I was thirty-nine weeks pregnant with our first baby. After two miscarriages within six months, the pregnancy was so exciting for us. But it was to all come crashing down.
No heartbeat--No fetal movement--No joyous ending to the long nine months, only tears and pain. Our daughter would never draw a breath or open her eyes. She would only ever be a memory that we carry still in our hearts.
I'm not sure sometimes how my husband and I made it through those first days. I know that God's presence was almost tangible at times when I thought the tears were going to destroy me. I know that Jesus was there with me every moment, even when the anger and bitterness began to come. I didn't know if I was ever going to be able to move on and be happy again. But as always, my Lord remained faithful. He kept me through every stage of grief. He brought me out of the darkness and confusion of loss. When the pain led to sin, He forgave and comforted me and drew me back to His side. His hands guided and kept us. His grace preserved our love for each other and protected our marriage.

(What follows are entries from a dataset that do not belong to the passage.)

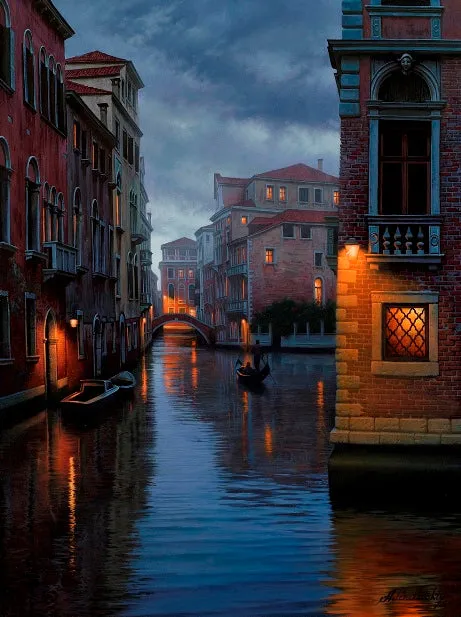EVENING PASSAGE
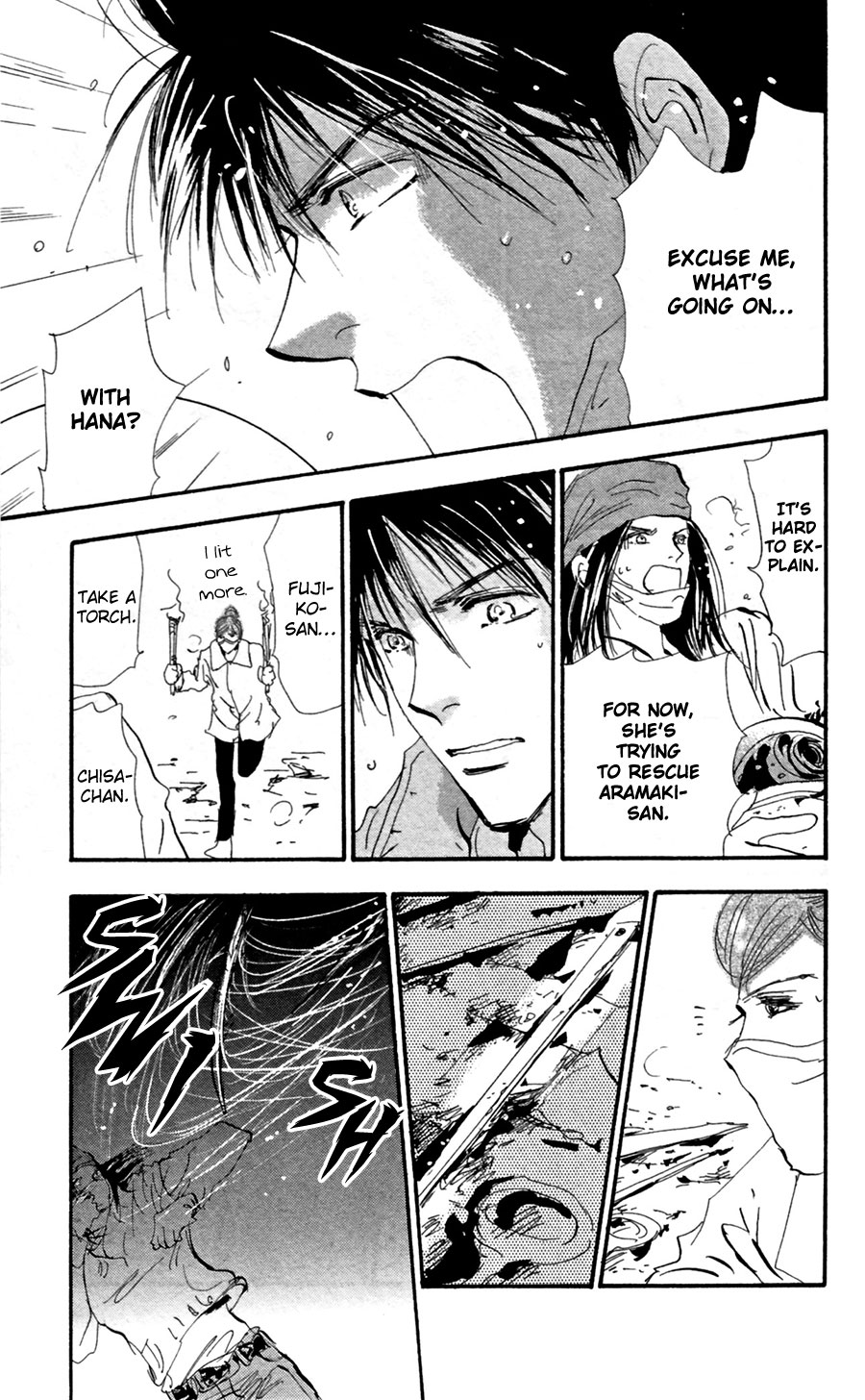 Read 7 Seeds EN Manga Online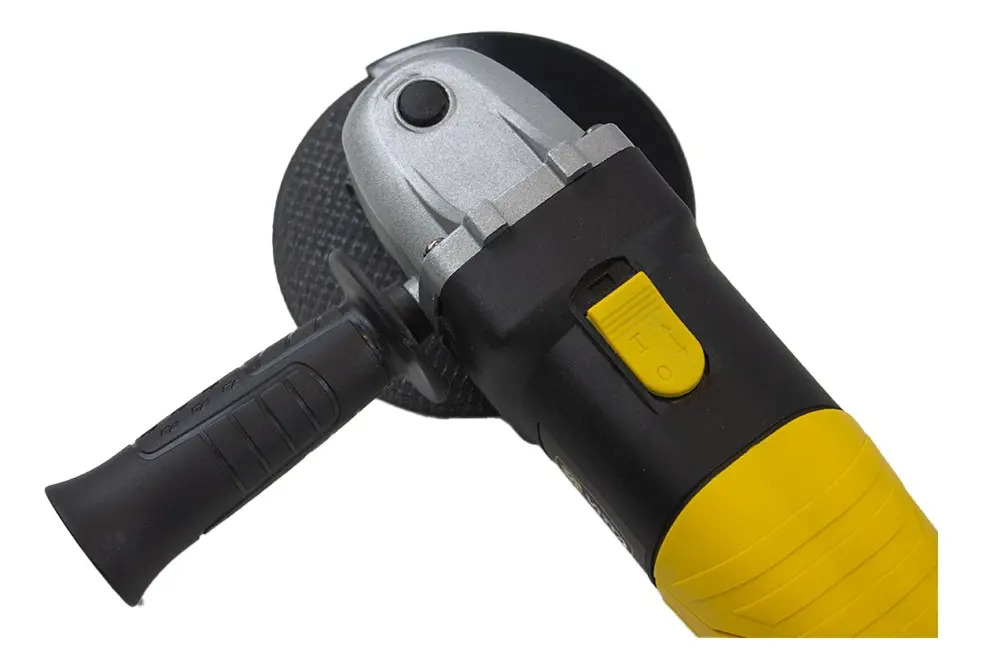 Amoladora Angular Vitta 115mm 750w 220v Con Disco Amarillo 50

His wisdom led us through, and His sovereignty gave us two sons.
Come, and let us return to the LORD: for he hath torn, and he will heal us; he hath smitten, and he will bind us up.
But our God is in the heavens: he hath done whatsoever he hath pleased.
...Be strong and of a good courage; be not afraid, neither be thou dismayed: for the LORD thy God is with thee whithersoever thou goest. (Even through death and pain!!!)
The LORD is my strength and my shield; my heart trusted in him, and I am helped: therefore my heart greatly rejoiceth; and with my song will I praise him.
Wait on the LORD: be of good courage, and he shall strengthen thine heart: wait, I say, on the Lord.